Os grandes campeões foram Racionais MC's e Chico Science

Análise

O Estado de S.Paulo

08 de setembro de 2012 | 03h09

Zico Góes (Diretor da MTV)

Adoro uma lista, um ranking. Sou chegado numa seleção, numa parada. Aliás, eu e todo mundo, desde os 10 Mandamentos, das Sete Maravilhas do Mundo. Listas são legais porque na maioria das vezes são suspeitas, incompletas e injustas. Às vezes até democráticas, científicas e educativas. Quase sempre divertidas e polêmicas. Listas são interessantes pelo que revelam de quem as produz. No caso presente são duas listas: A sugerida pelo Estadão e o ranking feito pelos leitores/internautas. Duas revelações! A lista dos 30 candidatos ao título de melhor disco e o desafio que ela sugere não chegam a ser originais. Mas a lista foi feita por gente que conhece do assunto. É sofisticada, clássica. Quase a tradução do senso comum do que é a música de qualidade no Brasil. A edição é pela qualidade, não pela popularidade. A lista é sempre a cara de seus curadores e, por isso mesmo, carregada de viés. Colocar a lista em votação pela internet também é corajoso por assumir o risco de um resultado enviesado. Foi o que aconteceu nesse caso, a julgar pelo ranking final. As imperfeições desse ranking têm a ver com a mecânica e o tempo de votação, e com o fato de o voto não ser obrigatório. Viva a democracia? Pra organizar melhor as reflexões fiz uma... lista.

1. A escolha dos 30 é reveladora. Nítido e justificado viés MPB, exclusão da trinca axé-pagode-sertanejo. A lista é a cara do Estadão. O público foco pode-se supor adulto, não jovem: a maioria dos indicados foram lançados há mais de 20 anos.

2. Mas o resultado sugere uma participação de um púbico mais jovem. O ranking dos leitores rejuvenesceu a lista de candidatos. Los Hermanos campeão é nítida distorção. Vamos combinar que Ventura não é, em nenhuma lista, o melhor disco de todos os tempos. Mas os fãs de Los Hermanos são engajados como são suas músicas.
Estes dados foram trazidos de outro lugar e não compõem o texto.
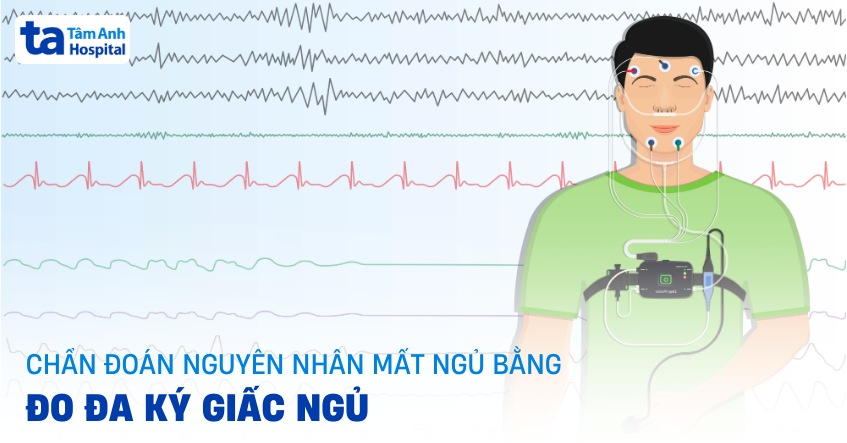 Cách chẩn đoán nguyên nhân mất ngủ bằng đo đa ký giấc ngủ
São jovens, fiéis, mobilizados.

3. O engajamento, a ideologia e a fidelidade, e não a juventude, talvez expliquem o estranho segundo lugar de Milton e o Clube da Esquina. Algo parecido pode-se dizer da Legião Urbana.

4. Esse top 3 do ranking, assim como a boa colocação de Novos Baianos e Tropicália, parecem revelar a capacidade mobilizadora de movimentos musicais coletivos, ideológicos, revolucionários (uns bem menos que outros...).

5. Rock, a despeito de sub representado entre os indicados, emplacou dois no top 10 e por razões diferentes. Raul é mítico e, embora o brado 'tocarraul' tenha arrefecido, a garotada parece renovar o interesse pelo baiano. Titãs em oitavo pressupõe público paulista, mas eles foram grandes e a garotada já incorporou como clássicos.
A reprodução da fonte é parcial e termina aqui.